** EXERCISE OBJECTIVE **
Restate the records word for word. Include no pictures.

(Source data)
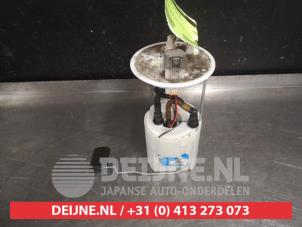 Used Electric fuel pump Kia Sorento II (XM) 2.4 16V 4x2 Price on request offered by V.Deijne Jap.Auto-onderdelen BV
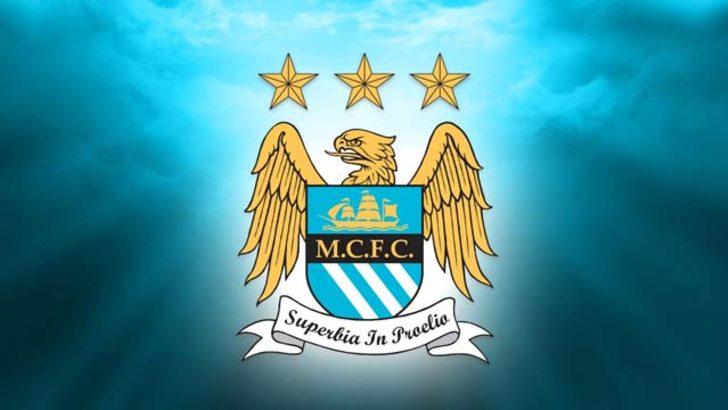 Transfere en çok para harcayan 10 takım G2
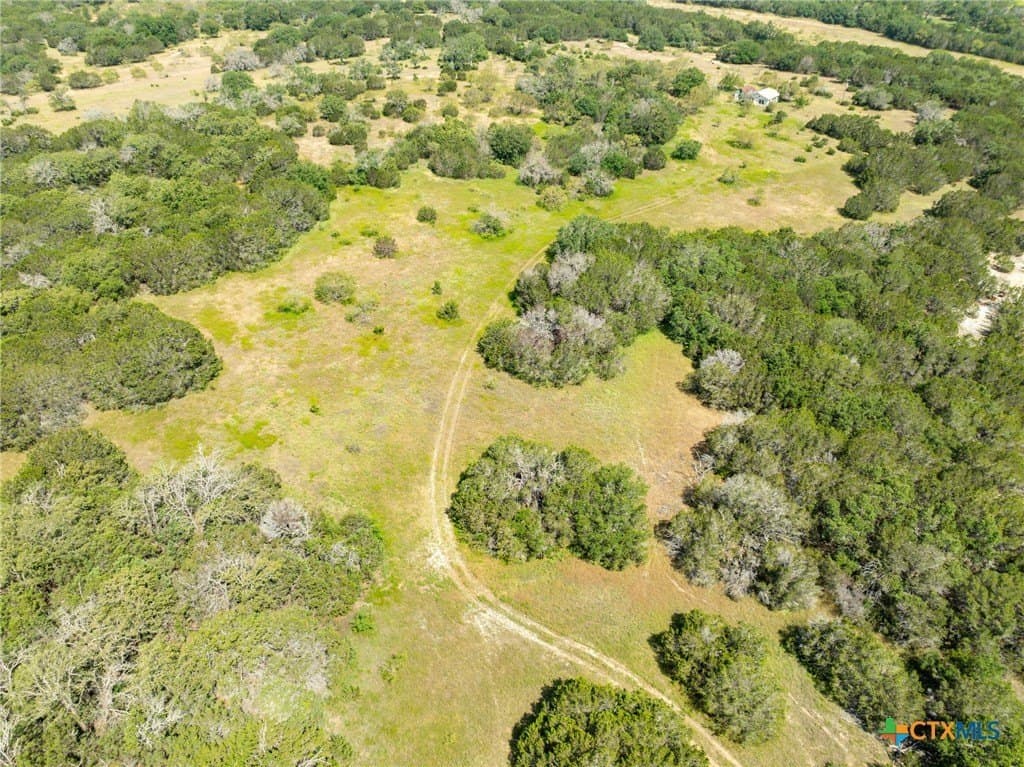 129.81 acres in Coryell County - photo 26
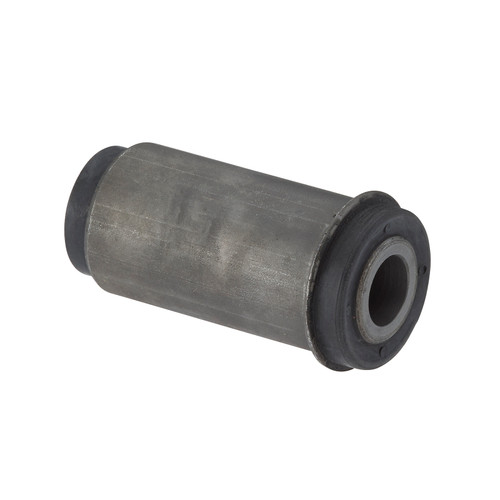 MOOG 65-66 Chevrolet Biscayne Rear Fixed End / Rear Forward Leaf Spring Bushing - SB245 Photo - Primary
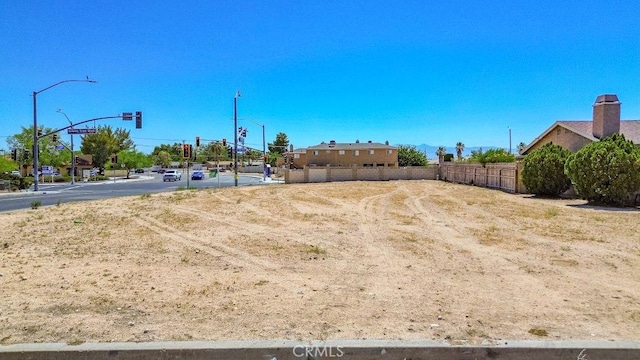 0 Wimbleton Dr, Victorville, CA 92395 - photo 4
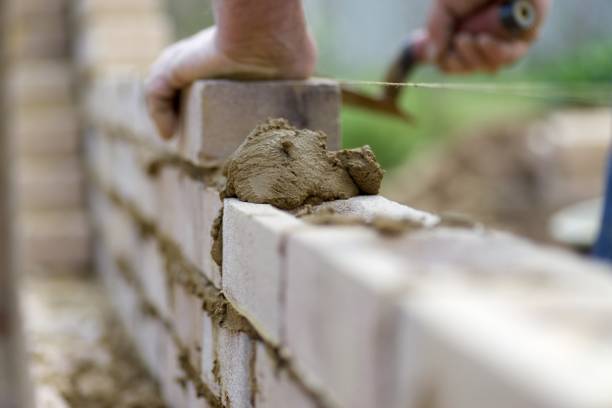  Sibley, IA Concrete contractor Pros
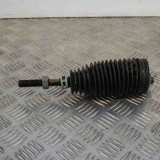 Bieleta de direcție dreapta MERCEDES-BENZ GLC C253 2016 OEM: R7W31 3607824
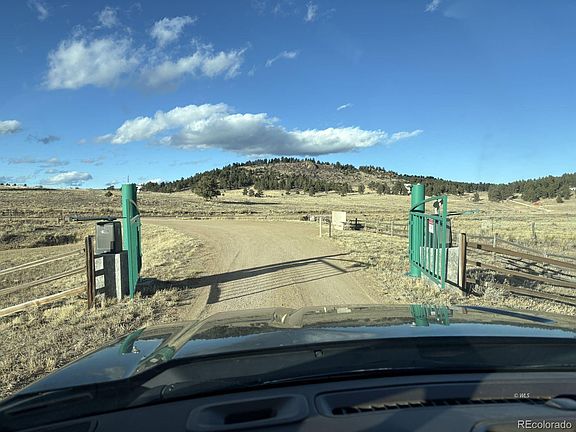 2nd image of Lot 29 Eagle Springs Road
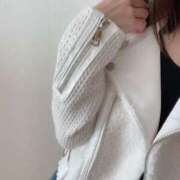 ヒメ日記 2024/12/11 21:16 投稿 七海 ZERO-i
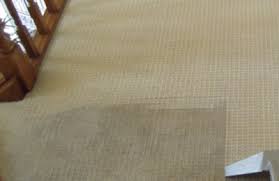 super steamers carpet cleaners canton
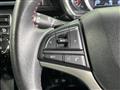 2018 Suzuki Suzuki Others
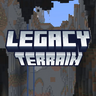 Legacy Terrain logo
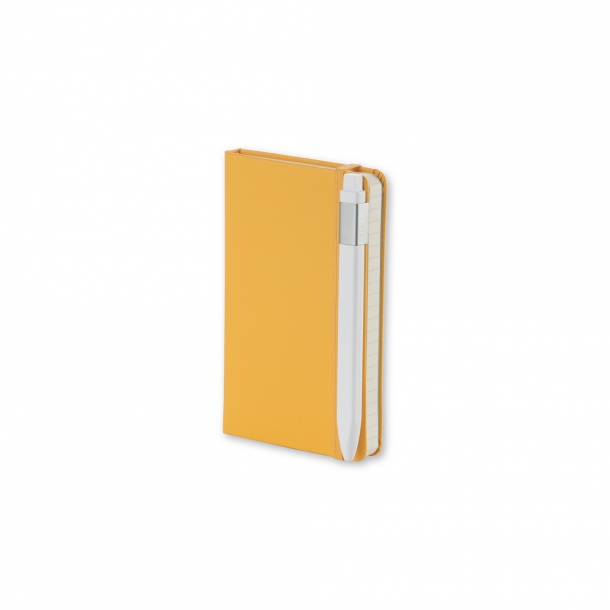 Ołówek mechaniczny MOLESKINE
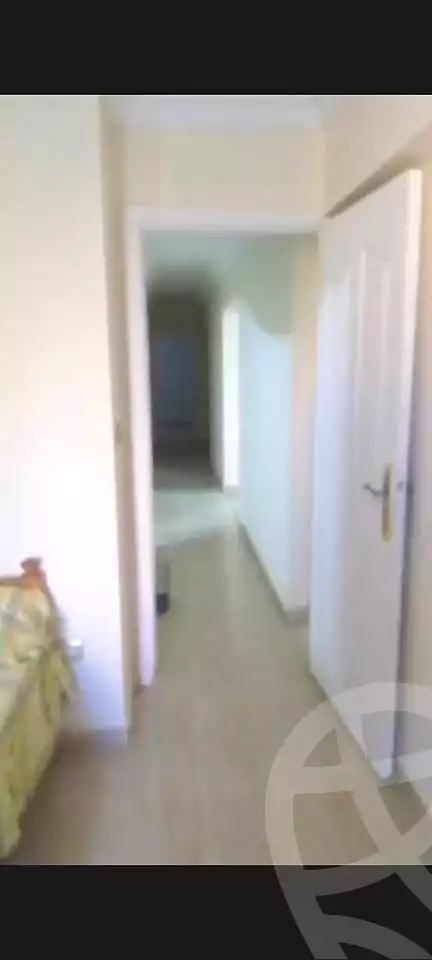 https://aqarmap.com.eg/en/listing/7229687-for-rent-alexandria-el-mandara-nabawy-al-mohandes-st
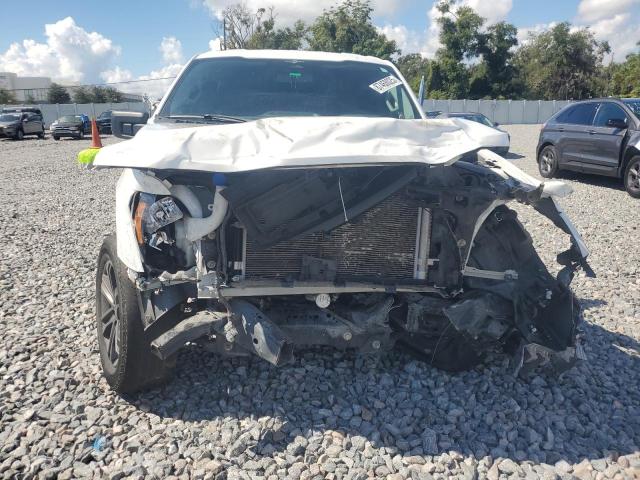 Photo 5 from auction – 2023 FORD F150 SUPERCREW with VIN 1FTFW1E51PFB04491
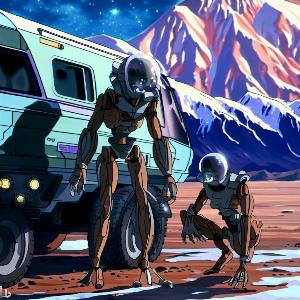 _2cc53a8c-29c0-4a0c-9d0b-1b099f113ccb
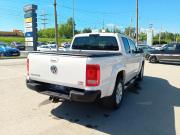 Volkswagen Amarok I Тула  - изображение 20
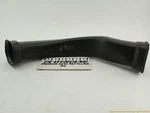 Volkswagen Vw Beetle A5 Air Intake Tube 2.5L Cylinder Fits 2012-2014 13 Used. Price: $44.87.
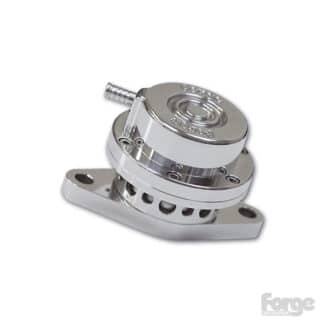 <p align="center"><strong>We recommend <a href="https://www.forgemotorsport.co.uk/Forge_Motorsport_Valve_Service_Kit--product--792.html">servicing</a> your valve every 3 years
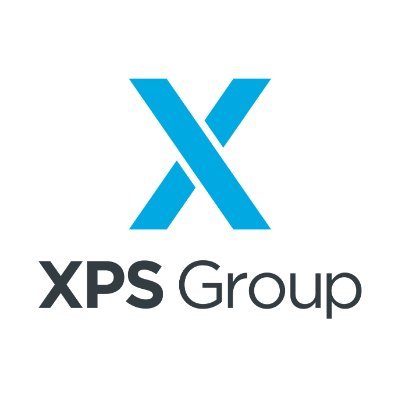 @xpsgroup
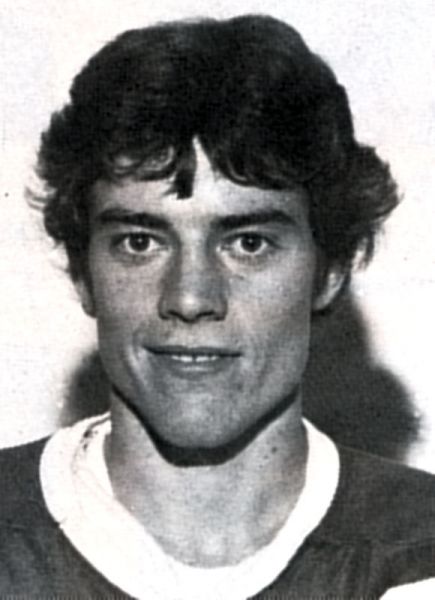 Conway Marvin hockey player photo
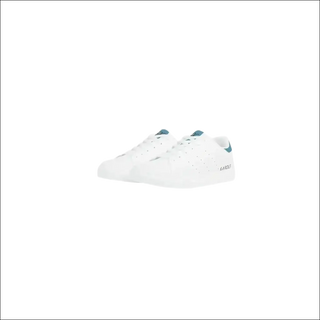 Timeless Comfort: K-AROLE™ Iconic Women’s Sneakers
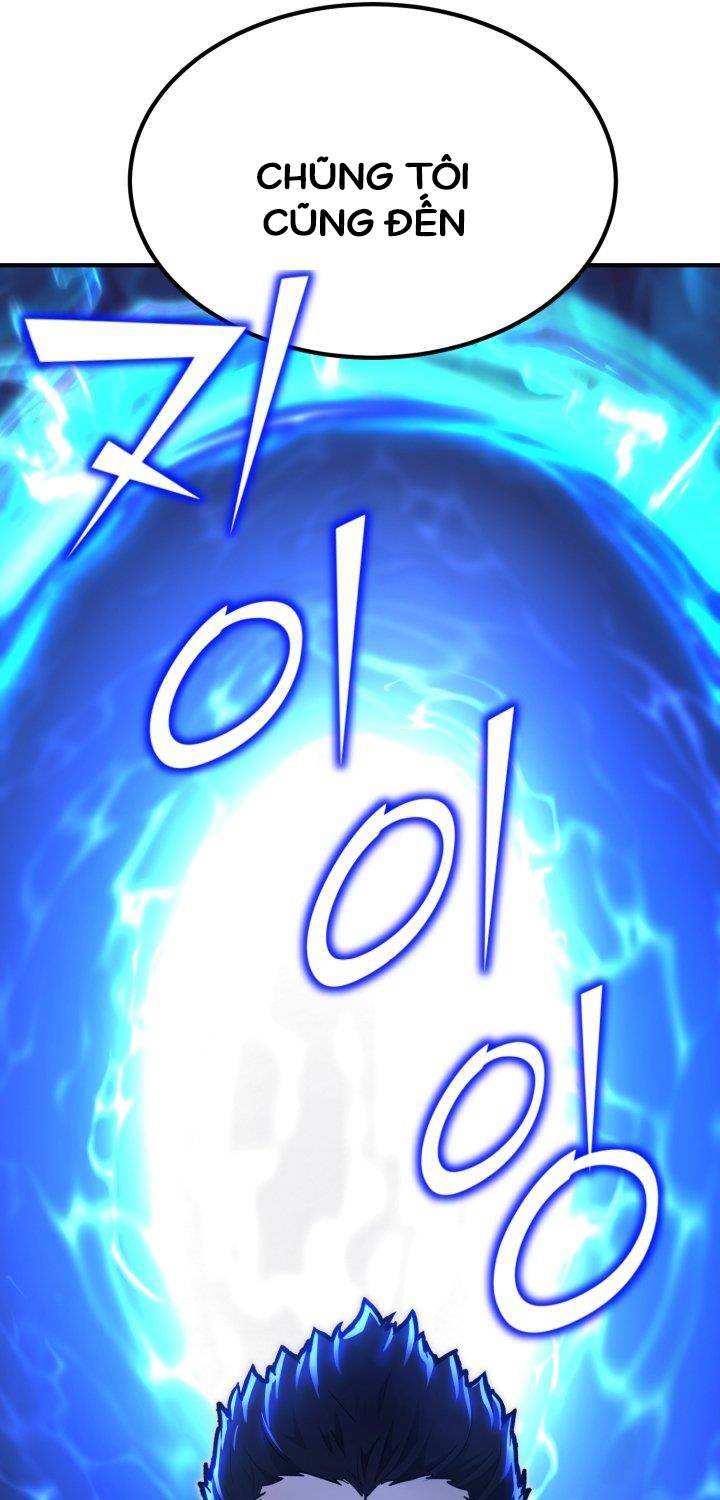 Bản Chất Của Chuyển Sinh Chapter 100 - Trang 2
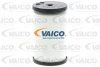 V10-4723 VAICO Гидрофильтр, автоматическая коробка передач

** REPLY TO THE EXERCISE **
 Used Electric fuel pump Kia Sorento II (XM) 2.4 16V 4x2 Price on request offered by V.Deijne Jap.Auto-onderdelen BV
 Transfere en çok para harcayan 10 takım G2
 129.81 acres in Coryell County - photo 26
 MOOG 65-66 Chevrolet Biscayne Rear Fixed End / Rear Forward Leaf Spring Bushing - SB245 Photo - Primary
 0 Wimbleton Dr, Victorville, CA 92395 - photo 4
  Sibley, IA Concrete contractor Pros
 Bieleta de direcție dreapta MERCEDES-BENZ GLC C253 2016 OEM: R7W31 3607824
 2nd image of Lot 29 Eagle Springs Road
 ヒメ日記 2024/12/11 21:16 投稿 七海 ZERO-i
 super steamers carpet cleaners canton
 2018 Suzuki Suzuki Others
 Legacy Terrain logo
 Ołówek mechaniczny MOLESKINE
 https://aqarmap.com.eg/en/listing/7229687-for-rent-alexandria-el-mandara-nabawy-al-mohandes-st
 Photo 5 from auction – 2023 FORD F150 SUPERCREW with VIN 1FTFW1E51PFB04491
 _2cc53a8c-29c0-4a0c-9d0b-1b099f113ccb
 Volkswagen Amarok I Тула  - изображение 20
 Volkswagen Vw Beetle A5 Air Intake Tube 2.5L Cylinder Fits 2012-2014 13 Used. Price: $44.87.
 <p align="center"><strong>We recommend <a href="https://www.forgemotorsport.co.uk/Forge_Motorsport_Valve_Service_Kit--product--792.html">servicing</a> your valve every 3 years
 @xpsgroup
 Conway Marvin hockey player photo
 Timeless Comfort: K-AROLE™ Iconic Women’s Sneakers
 Bản Chất Của Chuyển Sinh Chapter 100 - Trang 2
 V10-4723 VAICO Гидрофильтр, автоматическая коробка передач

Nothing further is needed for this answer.